Skimpy kit is discouraging women from competing, Olympic bronze medallist Holly Bradshaw says
Before this summer, Holly Bradshaw assumed that winning an Olympic medal would be the pinnacle of her career. She was the first ever Team GB athlete to step up onto the podium in the pole vault but ha
Before this summer, Holly Bradshaw assumed that winning an Olympic medal would be the pinnacle of her career.
She was the first ever Team GB athlete to step up onto the podium in the pole vault but has since decided she has a much higher bar to reach - pushing back against women's sports simply expecting athletes to wear skimpy kit.
She has had to fight against it herself and now realises that it is a far wider problem for women and girls across different sports.
The 29-year-old told Sky News that a kind of "terror" descended on her when she was told before the Olympic Games that the only kit options available to her would force her to compete with her stomach or upper thighs on display.
"It was crop top, knickers, shorts, a bikini onesie and I just (felt)… terror… I can't wear this, there is no way I can go to an Olympic Games and feel comfortable wearing any of this.
"It was just a bit of panic really and I just said to them 'is there nothing else I can wear?'
"It was a horrible feeling, I was like sick to my stomach."
Eventually, after negotiating, she was cleared to compete in a customised rowing outfit that was much closer to the "onesie" she normally vaults in.
Ever since she was abused for the way she looked as a teenager, Holly has competed in a more modest kit rather than the crop tops worn by many other pole vaulters.
In her home gym in her garage in Loughborough, Holly told Sky News: "When I was 18, 19, 20 I had a bit of puppy fat and I was thrust into the limelight, I think I had only been doing the sport four years.
"I would see people on TV wearing a crop top and shorts and well that's the outfit you wear when you do athletics.
"I got criticised massively on social media for having puppy fat - I looked unathletic - someone actually said 'How fit is Holly Bradshaw? #saidnooneever'.
"It was just really hurtful as like an 18, 19-year-old kid.
"So I actively went out of my way to cover up as much as I can and for me covering up my stomach and having long shorts it is important to me and I shouldn't have to feel like that but that is just because of what I have experienced as a youngster and I am a bit scarred now."
Competing in her customised kit in Tokyo she won bronze, but Holly believes it simply wouldn't have happened, and she may not have even competed if she hadn't spoken up.
She said: "You look at athletes out there who have got really nice bodies but you assume that they want to show that off - but actually even if I had a really toned stomach and looked great I don't want to go on national TV wearing a bikini and I'm sure a lot of women feel like that.
"I think people around the country and maybe even the world thought we had a choice - actually no - we are given very little options as what we can wear and we just almost go along with it like we don't have a say."

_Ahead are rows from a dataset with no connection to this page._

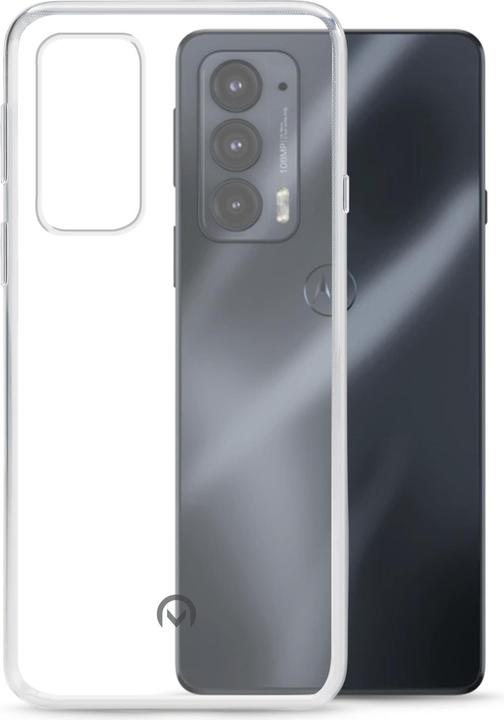 Produktbild Mobilize Gelee-Hülle (Motorola Edge 20)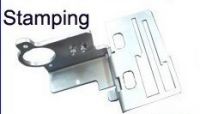 Stamping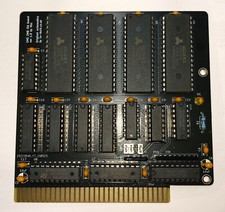 Scheda memoria 8bit usato Scheda memoria 8bit usato  Spedire a Italy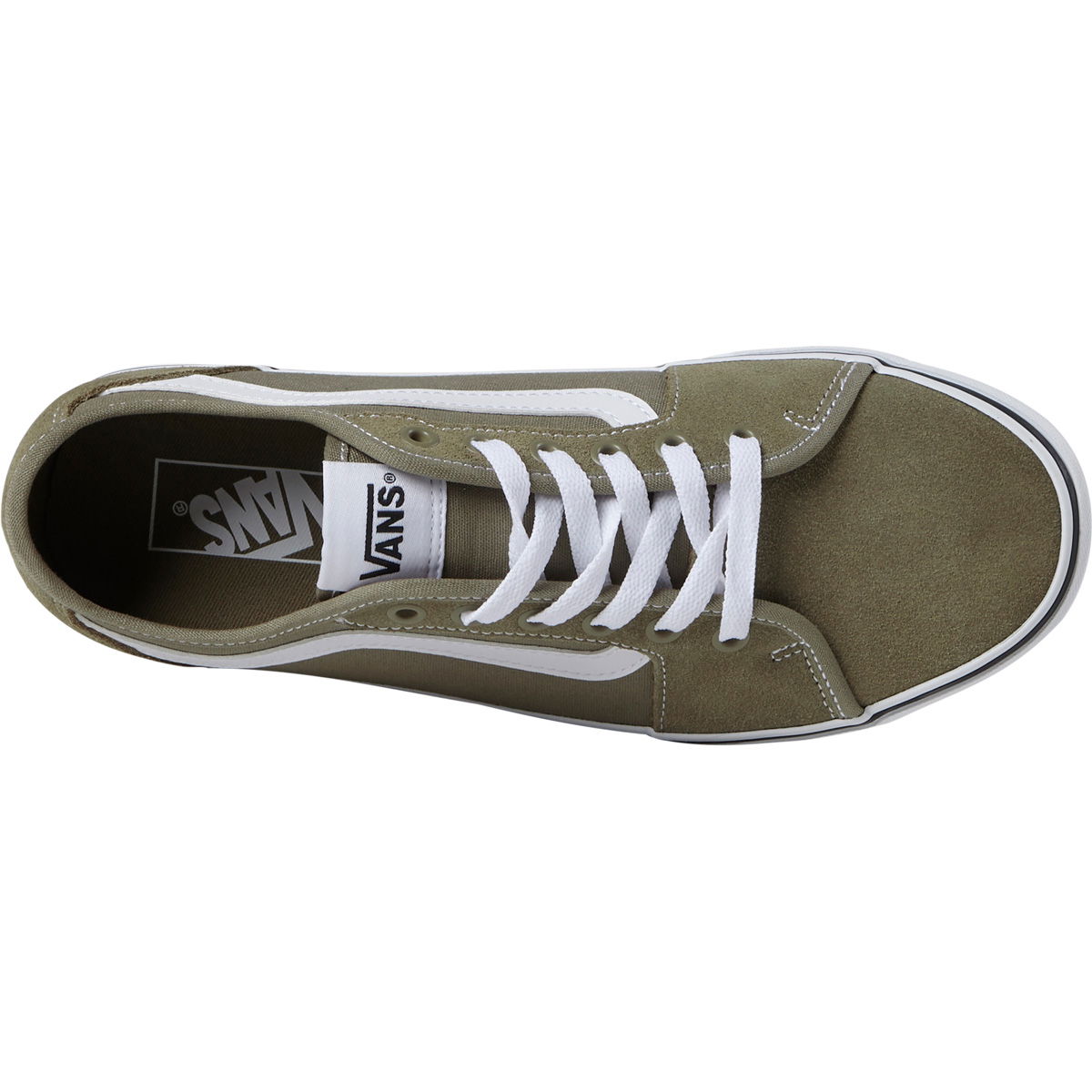 Vans Filmore Decon Sneakers Herre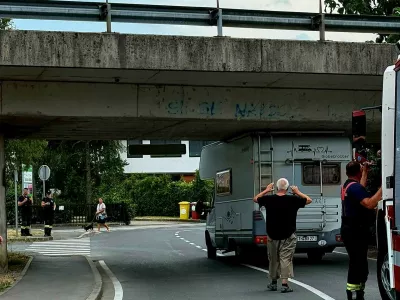 Foto: Jernej Korljan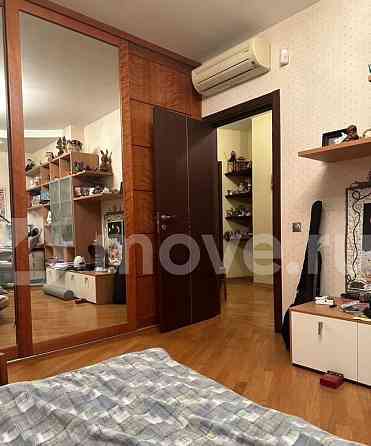 5-комн. квартира, 207 м2, 20/24 эт. Москва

Since speaking about the problem, Holly has been deluged with messages from women and girls saying that they too had a big problem with the expectation to compete in revealing outfits.

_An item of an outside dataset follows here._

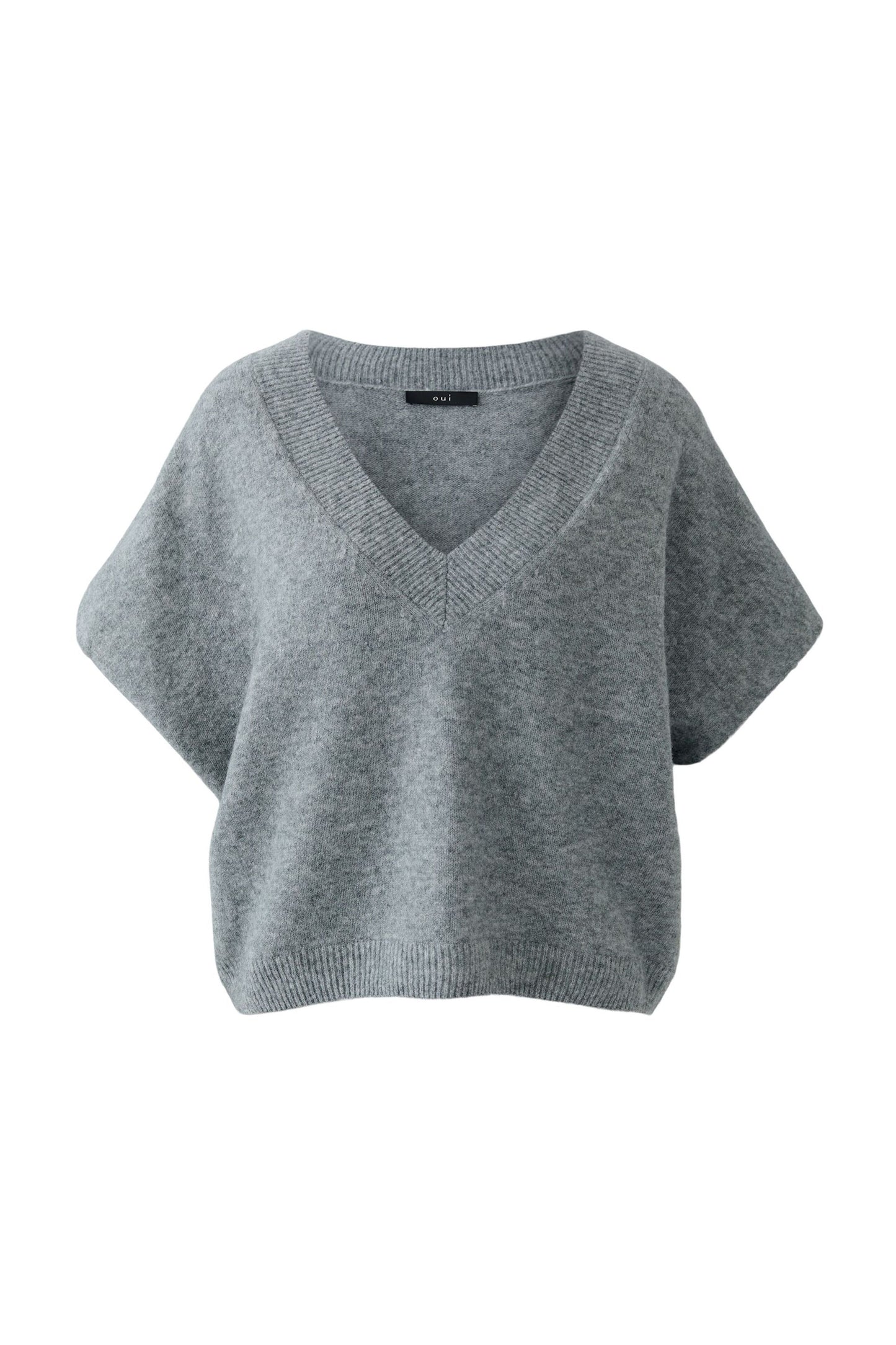 Pullover (Graphite)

"Young female athletes who said to me 'I have dropped out of athletics because I saw people wearing crop tops and knickers and I didn't want to'… that to me is heartbreaking," she said.

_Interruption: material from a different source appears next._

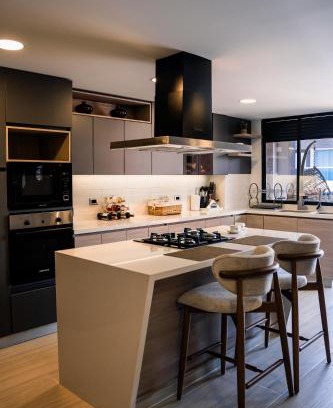 Laureles - Estadio Apartment | Luxury Apartments Prana By Cadissa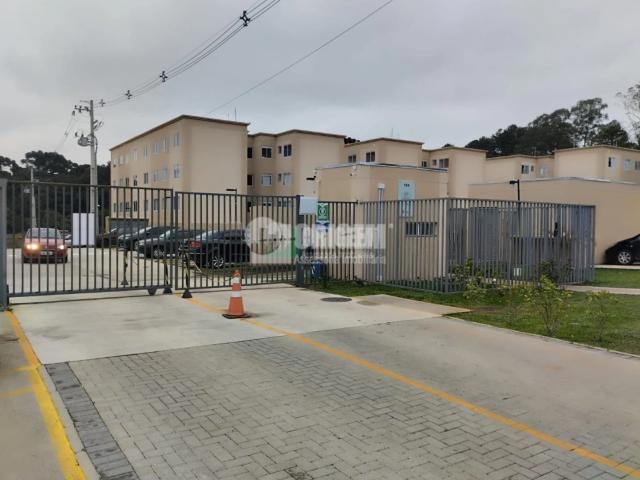 Apartamento aluguel em Jardim Santana, Curitiba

In pole vaulting, there is no sporting advantage for athletes who choose to wear crop top and knickers or tight shorts over a more modest outfit.
"I dread to think how many women are out there and feel uncomfortable with what they wear but they just have no options and some people don't feel comfortable speaking out," Holly said.
"I think the commercialisation of women in sport is a little bit of an issue.
"Unfortunately, if you are wearing less on social media you have more followers, that is more attractive to commercial sponsors and I totally get that the more sponsors - the more reach, but that really is damaging young athletes just trying to get into sport.
"I honestly think if I was a young athlete in today's society I wonder if I would even be in the sport because I would feel so uncomfortable, especially when I was young, wearing a crop top and having people comment constantly on how I look and how different I look compared to everyone else.
"It is demoralising and it is really hurtful and harmful."
The Commonwealth Games have already been in touch with Holly to say they want to work with her to ensure athletes don't have to face the same dilemma at the Games in Birmingham next summer. But progress with the major kit manufacturers and sports governing bodies is, she believes, too slow.
"Sport is such a powerful thing for a young girl - sport has been my life since I was four-years-old and I would hate for someone to be me back then and then be thrown away - cast out of the sport - because of such a small issue of what you wear," she said.
"I would really like this to be my legacy. I would just like to try and change things."
A spokesperson for the British Olympic Association told Sky News: "Holly raises an important issue and one we and adidas were only too happy to resolve for her on a personal level - we would do this for any athlete.
"We kit out several hundred athletes at the Games and personal choice is important. Along with adidas we aim to provide kit that meets high-performance needs and is comfortable and appropriate for the athlete.
"We will continue to work with adidas to make sure we have as wide a range of choices available as possible based on individuals' needs."